# Takeing a parot to france



## yosser hughes (Feb 23, 2016)

As any one took a small parot in there van to france and if so do you need to get any paper work to take them


----------



## barryd (May 9, 2008)

Is it an Ex Parrot?


----------



## mistycat (Jan 28, 2014)

We looked in to this, when we had our grey, got in touch with defra and was told nothing needed,
we never followed it up and took him abroad,
hope it helps
Misty

opps meant never took him abroad


----------



## Spacerunner (Mar 18, 2006)

Seen several parrots here in Portugal. One on site now that always whistles at me when I pass. Poor thing must be short sighted.


----------



## randonneur (Jan 25, 2007)

We met a British couple at Montignac-le-Coq, Charente Maritime a few years ago, their parrot used to fly free in their motorhome and didn't even try to escape when the door was open. They had a small perch on the dash (A-Class) and it used to sit on there and watch people passing by. The owners told us that it had its own Passport and was chipped. I don't think the was a necessity but they had it anyway. I must say though that all the seats were well covered so there was no accidents!!!!!


----------



## rayc (Jun 3, 2008)

if you fancy taking a bird on holiday this may be of some help:
http://www.theparrotclub.co.uk/topic/10678-taking-bird-on-holiday-to-france/


----------



## erneboy (Feb 8, 2007)

Is it worth haveing them chipped.


----------



## bognormike (May 10, 2005)

parrot & chips?


----------



## pippin (Nov 15, 2007)

There should be an apostrophe before "*'*As" - well only if you are from the sarf east!

Paperwork? The best parrot and chips come wrapped in newspaper!

Interesting question though - I don't think I have ever seen a caged bird in a UK MH abroad.

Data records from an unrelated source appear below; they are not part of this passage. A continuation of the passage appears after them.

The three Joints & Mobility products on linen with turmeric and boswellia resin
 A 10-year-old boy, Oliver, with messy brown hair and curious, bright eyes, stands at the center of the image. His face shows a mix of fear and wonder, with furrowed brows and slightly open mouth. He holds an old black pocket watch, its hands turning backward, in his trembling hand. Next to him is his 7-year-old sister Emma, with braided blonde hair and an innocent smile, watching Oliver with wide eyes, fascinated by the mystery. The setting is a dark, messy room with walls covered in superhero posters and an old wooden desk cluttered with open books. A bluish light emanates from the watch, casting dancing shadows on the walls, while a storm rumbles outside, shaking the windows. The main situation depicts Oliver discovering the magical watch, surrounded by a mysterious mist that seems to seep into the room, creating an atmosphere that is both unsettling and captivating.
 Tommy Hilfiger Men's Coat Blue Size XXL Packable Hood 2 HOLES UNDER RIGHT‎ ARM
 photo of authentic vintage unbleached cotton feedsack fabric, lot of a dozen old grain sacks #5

Seen plenty of budgies in French caravans though.


----------



## pippin (Nov 15, 2007)

Perhaps that's because budgie smugglers are _de rigeur_ in French swimming pools!


----------



## GEMMY (Jun 19, 2006)

I've been in Brits vans that have parrots, they've been all over, including Morocco , usually on their perch, but cage in evidence for travelling. Go for it .


tony


----------



## barryd (May 9, 2008)

I have one that I take on Aires. Really entertaining as he hates the French.


----------